#### Exercise requirements:
Your copy starts at the line containing "Pelican 1500 Case" and ends at the last line of the material below. Reproduce those lines exactly, with no pictures.

#### Information provided:
- - -
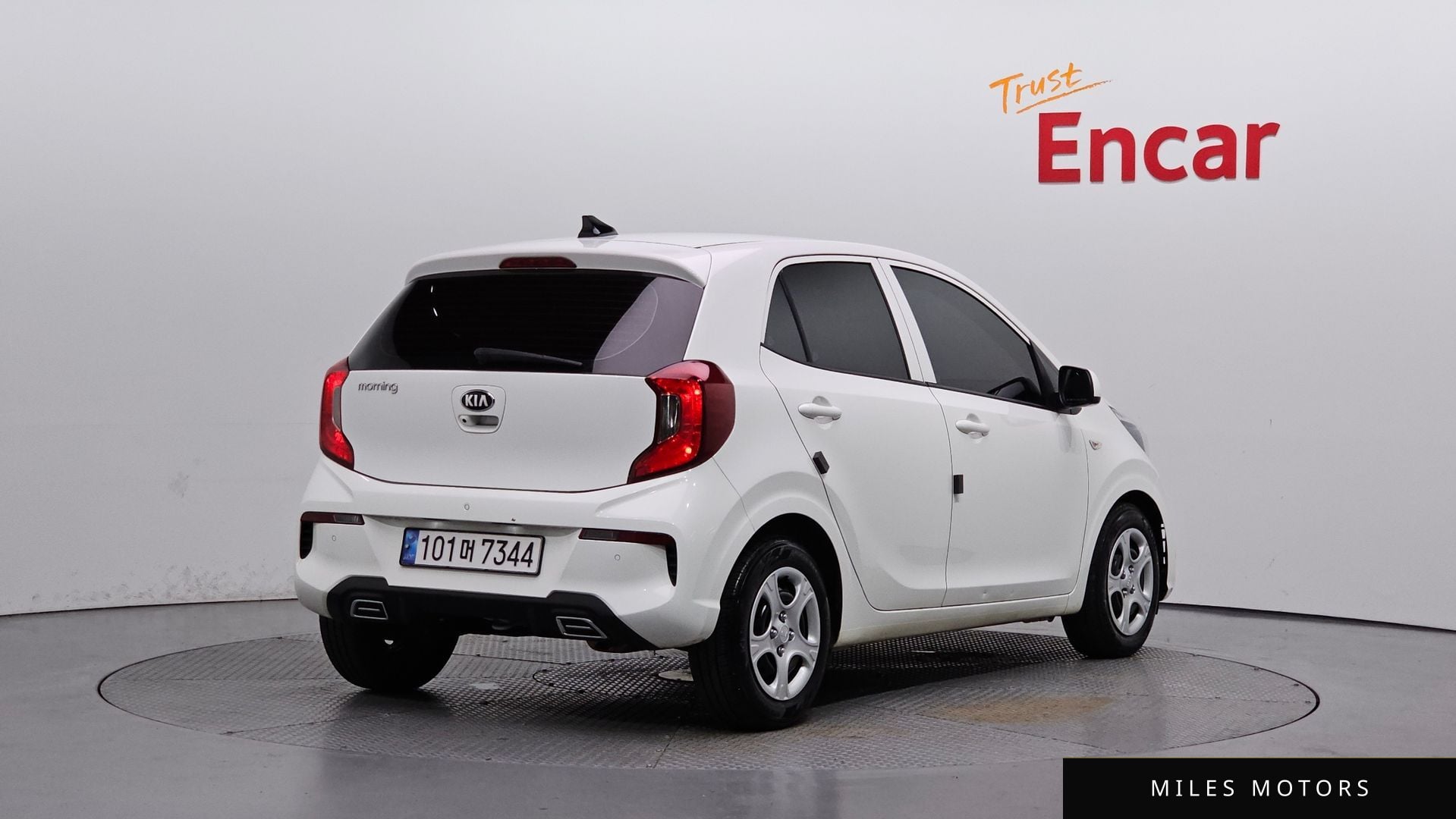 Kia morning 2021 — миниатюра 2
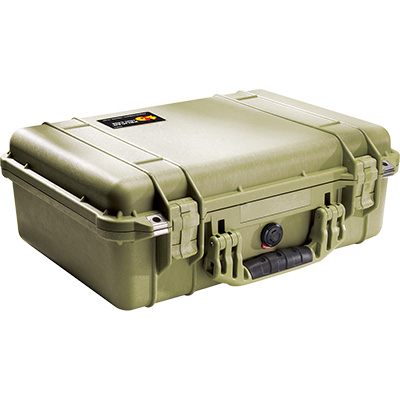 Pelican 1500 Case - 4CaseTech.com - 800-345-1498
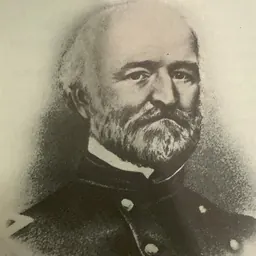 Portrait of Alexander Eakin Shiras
- - -
#### Response to the exercise:
 Pelican 1500 Case - 4CaseTech.com - 800-345-1498
 Portrait of Alexander Eakin Shiras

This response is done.